Un article du Messager sur le sujet

L’huilerie artisanale de la famille Maurice compte parmi les plus anciens bâtiments du village. « Au début des années 1700, raconte Michel Maurice, on appelait le secteur les Moulins de Darbon : il y avait un canal qui partait d’un étang, à l’endroit de l’actuelle zone artisanale, et alimentait cinq moulins. »

Le moulin Maurice, lui, a été construit en 1727. C’est de cette année que datent la conche, la meule qui broie les cerneaux de noix, et le four de pierre qui donne à la préparation toute sa saveur.

A l’origine, l’énergie de cette installation était fournie par une roue à eau de 6,5 m de diamètre. En 1954, le père de M. Maurice l’a finalement remplacée par une turbine, au bout de 150 m de canalisations, avant le passage au tout électrique en 1986.

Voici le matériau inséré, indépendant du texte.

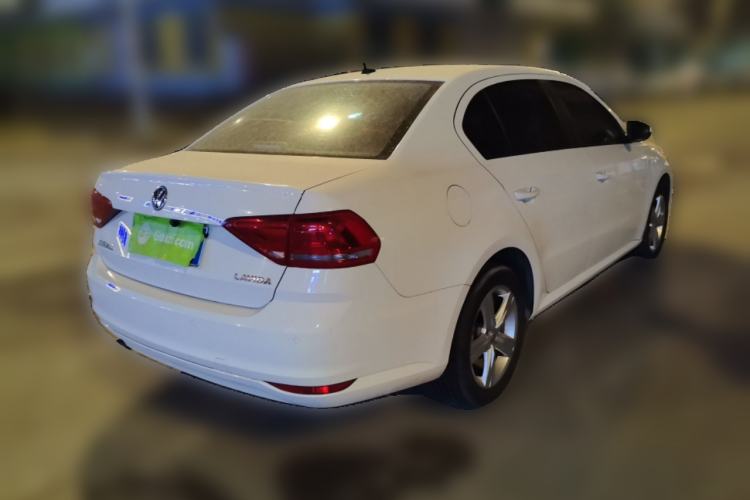 Used Volkswagen Lavida 2017 1.6L Manual Fashion Edition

Les cerneaux broyés sont passés aujourd’hui dans un aplatisseur, un laminoir datant des années 1920. Quant à la presse hydraulique qui extrait l’huile des tourteaux de noix, elle date de 1907 et a été mise en service dans l’huilerie de Darbon en 1942.

« L’ancienne presse de 1727 est toujours là, juste derrière : en ce temps-là, il fallait presser deux fois. La deuxième pression servait juste à faire de l’huile pour les lampes. »

Après la dernière guerre, bien des huileries ont fermé ; mais pas celle de Champanges. « Pendant trente ans, on la mettait en route trois jours pendant l’hiver : les 1er, 2 et 3 février. Après 1995, on a étendu la durée de production. » Si bien que désormais, la conche écrase quelque vingt tonnes de noix par an.

Neuvième génération

Michel Maurice a appris la technique de son père, comme ses aïeux avant lui : « On en est à la neuvième génération, rappelle-t-il. Il y a quarante-sept ans que je fais de l’huile. Et après moi, ma fille reprendra le travail. Elle l’a déjà fait pendant une dizaine d’années. » Car une longue expérience est indispensable.

ancienne presse

« Chacun a son secret pour faire de l’huile. Mais il faut surtout des années de pratique. Chaque client apporte des noix différentes, elles sont plus ou moins humides. Avec l’expérience, on sait rien qu’au toucher et surtout à l’odeur comment il faut les travailler. » Mais nous n’en saurons pas davantage sur ses recettes, sinon ceci : « Ce qui est sûr, c’est que pour avoir une bonne qualité, il faut prendre son temps. »

Et les clients l’ont bien compris, qui viennent quand même de très loin (Sarthe, Lorraine, Allemagne, Angleterre…) pour cette huile au parfum du temps jadis.